Copy nothing but the lines from the one containing "24 Wholesale Orion" through the last line of the entries below, exactly as written and without pictures.

** Information shown follows **

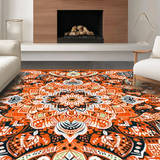 Ultra Soft Area Rug, Non Slip, Stain Resistant, Washable Area Rugs for Living Room, Bedroom, Rustic Orange Circular Flourish(Orange)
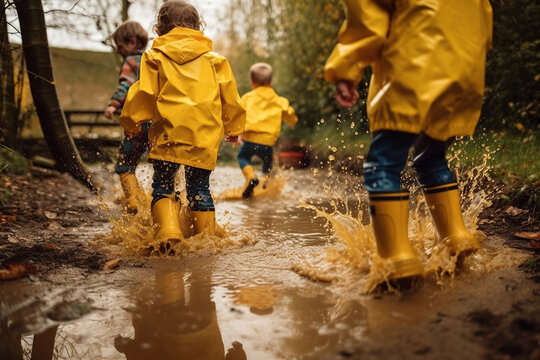 A group of children are seen playing in nature, wearing rain boots and waterproof clothing, jumping and splashing in the muddy ground | Exploring Nature with Galoshes and Raincoats AI GENERATIVE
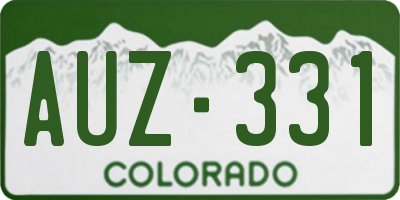CO license plate AUZ331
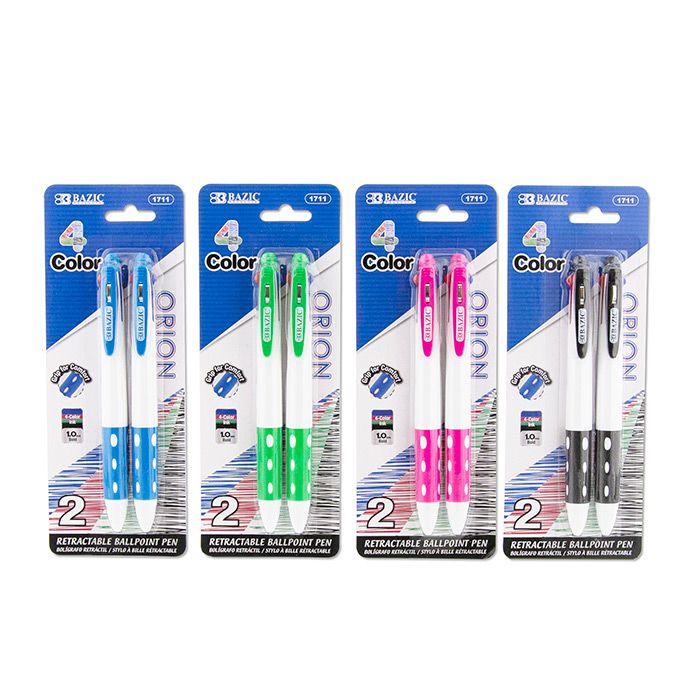 24 Wholesale Orion White Top 4-Color Pen W/ Cushion Grip (2/pack)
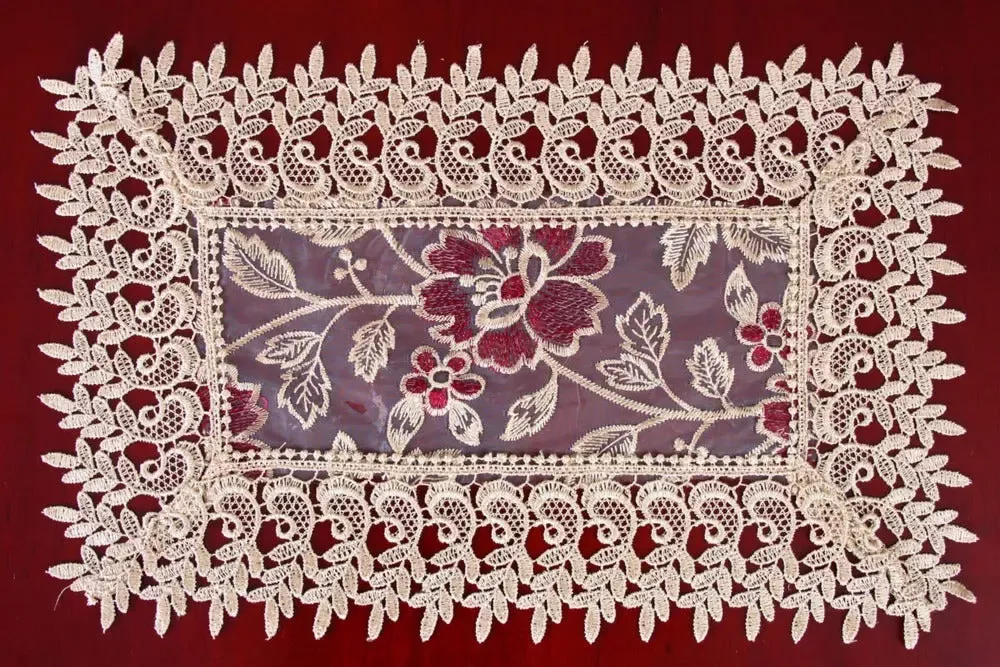 Rectangular Beige Lace Table Doilies or Place-mats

** End of Information shown **

*Solved problem*
 24 Wholesale Orion White Top 4-Color Pen W/ Cushion Grip (2/pack)
 Rectangular Beige Lace Table Doilies or Place-mats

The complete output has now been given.